Compass

How did I get here?

I  went in to teaching 20 something years ago, all bright eyed and bushy tailed. Working every evening until 9.00 and every Sunday nearly all day. I loved it and I was good at it.

Until I began to struggle with the pressures and I found I was prone to bouts of depression. The worst when I got post-natal depression after the birth of my daughter. Totally out of control, with no routine and a child who wouldn’t do as I asked for once (go figure!), I lost the plot. I tried to go back to work, leaving Sprog at Nursery, which she loved, but found I simply didn’t care about other people’s children any more. Then I was really in trouble. I was nobody. I was a hopeless mother (because I wanted to be at work, not with my child) and I was a hopeless teacher (because I simply didn’t care enough any more).  I ended up on tablets.

If you’ve never been depressed, it is hard to imagine just how awful it is.

I’d wake up early, thanks to Sprog (who thought sleep was for wimps), and be so desperate to still be asleep that I would cry. The day would pass in an empty blur. It was like looking through a fogged up window. I felt like I couldn’t connect with anyone or anything, except Sprog. Thankfully, that relationship didn’t suffer the way that it can.  I used to drive around imagining driving into a tree. I would wait for evening, until I could get Sprog to bed and open the wine – not a good idea on tablets. I’d go to bed and cry. It was so bleak.

I look back at it now and thank my lucky stars I am not there now.

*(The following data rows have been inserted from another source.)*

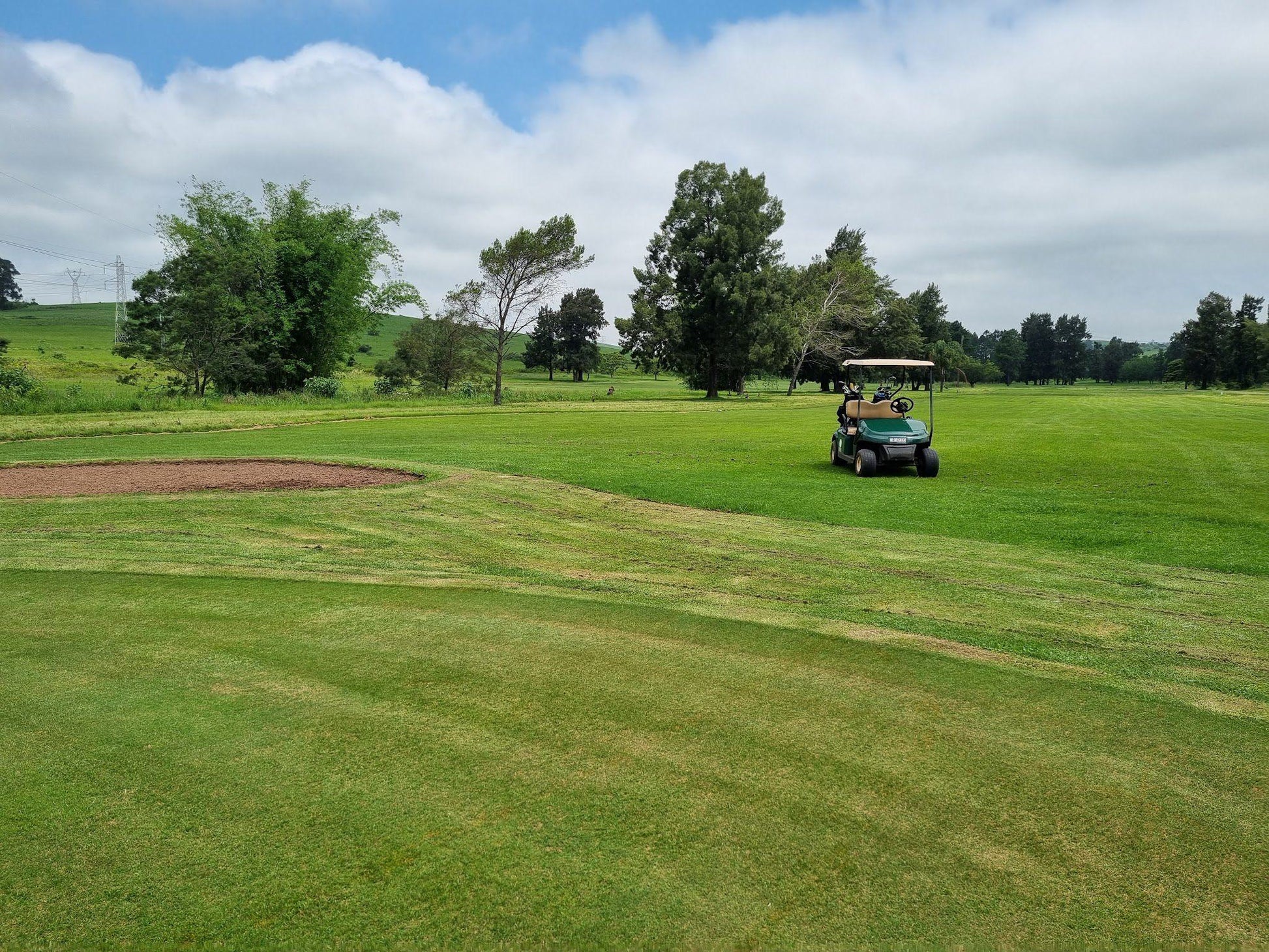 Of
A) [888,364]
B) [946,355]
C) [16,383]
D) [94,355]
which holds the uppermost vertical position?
[946,355]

Gradually, through medication, a new relationship, time, I came back. I became a full time teacher again and reconnected with other peoples’ kids. But I was fragile.

It only took a couple of occasions of negative feedback following lesson observations  that didn’t go well and my confidence plummeted again. I had lost so much ground whilst I had been out of teaching that I thought I’d never catch up. I became depressed. I couldn’t teach, it appeared, but I couldn’t do anything else either.

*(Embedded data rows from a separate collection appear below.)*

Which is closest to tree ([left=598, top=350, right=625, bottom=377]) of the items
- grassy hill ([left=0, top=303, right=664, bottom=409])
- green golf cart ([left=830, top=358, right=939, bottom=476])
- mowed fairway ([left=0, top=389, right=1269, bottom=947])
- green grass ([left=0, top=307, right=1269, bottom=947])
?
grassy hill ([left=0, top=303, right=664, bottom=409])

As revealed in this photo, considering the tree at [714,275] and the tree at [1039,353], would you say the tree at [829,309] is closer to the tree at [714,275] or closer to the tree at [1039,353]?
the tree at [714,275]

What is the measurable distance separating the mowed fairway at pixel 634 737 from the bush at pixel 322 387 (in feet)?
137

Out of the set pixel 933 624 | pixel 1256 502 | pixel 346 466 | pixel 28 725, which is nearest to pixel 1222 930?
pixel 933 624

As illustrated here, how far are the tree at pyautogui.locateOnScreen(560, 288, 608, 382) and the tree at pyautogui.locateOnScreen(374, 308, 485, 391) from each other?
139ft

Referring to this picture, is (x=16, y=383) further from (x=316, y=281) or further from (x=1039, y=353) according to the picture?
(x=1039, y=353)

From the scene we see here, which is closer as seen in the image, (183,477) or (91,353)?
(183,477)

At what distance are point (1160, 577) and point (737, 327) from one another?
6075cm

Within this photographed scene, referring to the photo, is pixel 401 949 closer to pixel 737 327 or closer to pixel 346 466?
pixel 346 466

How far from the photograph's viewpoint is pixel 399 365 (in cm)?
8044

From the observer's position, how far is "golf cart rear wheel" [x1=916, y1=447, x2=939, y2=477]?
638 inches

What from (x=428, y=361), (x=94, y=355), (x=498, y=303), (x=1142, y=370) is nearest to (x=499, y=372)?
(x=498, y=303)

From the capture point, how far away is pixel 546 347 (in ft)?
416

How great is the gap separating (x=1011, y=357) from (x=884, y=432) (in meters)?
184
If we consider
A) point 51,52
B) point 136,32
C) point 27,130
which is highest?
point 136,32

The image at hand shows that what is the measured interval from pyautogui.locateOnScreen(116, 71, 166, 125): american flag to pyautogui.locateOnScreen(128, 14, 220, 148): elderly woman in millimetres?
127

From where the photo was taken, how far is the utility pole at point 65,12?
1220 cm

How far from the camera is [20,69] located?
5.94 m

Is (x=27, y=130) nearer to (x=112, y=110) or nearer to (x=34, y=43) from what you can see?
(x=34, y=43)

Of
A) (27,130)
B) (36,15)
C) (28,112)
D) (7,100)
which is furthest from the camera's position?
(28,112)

But I was determined the depression wouldn’t take hold. No way was I going back on tablets. So I went to counselling. It wasn’t the first time and it did help a bit. What helped more was when an inspirational speaker came in to school on a training day and reignited my desire to do well. I began doing research into the areas of teaching that had changed while I’d been away. I became a student in my own career and I began to improve. The depression lifted. I had passion and purpose.

Until I became ill and had to take a term off work. The doctor said it was a virus or ME. I was devastated. I decided it was because I couldn’t keep up the pace of the job, so what on earth was I going to do?

I can’t change the direction of the wind, but I can adjust my sails to always reach my destination. – Jimmy Dean

That’s when I started talking to a Life Coach. We began by investigating whether I really wanted to get out of teaching or whether I was just scared. It became apparent I was scared: of failure; of poor feedback. But I didn’t want to leave. So I renewed my studying and my goal was to become the best teacher I could be.

I had regular Life Coaching sessions and it kept me on track. I worked on gaining balance between work and home. I worked on managing anger. It was brilliant. Finally I felt in control of what I was doing. Things  didn’t always work as planned, but I began to reframe criticism as feedback and see it as a platform on which to build and improve. I went from strength to strength. So much so that I went for an acting leadership position and got it. Then I needed the coaching more than ever!

I’m not going to say that the depression has never come back. It has from time to time. But it is milder and the bouts last for shorter periods each time. My mind is so positive that it can’t take hold as easily!

I love my job, teaching. I hate the pressures we are under to force these kids to perform. I can’t see myself doing this job in ten years time without my home life and health suffering. So, I introduced Life Coaching to others and saw what it was doing for them. And I introduced it to the school and now I see what it is doing for the kids.

And then I thought, “I want to do that!”

So I’m going to open a new door and walk through it. I want to make the difference in others’ lives that Life Coaching has made in mine. Am I scared? A little. But I am more excited than scared. I know I can make a difference and when I face setbacks – and I will face setbacks – I will learn from them and move forward.

So that’s how I got here. And “here” is a jolly good place to be.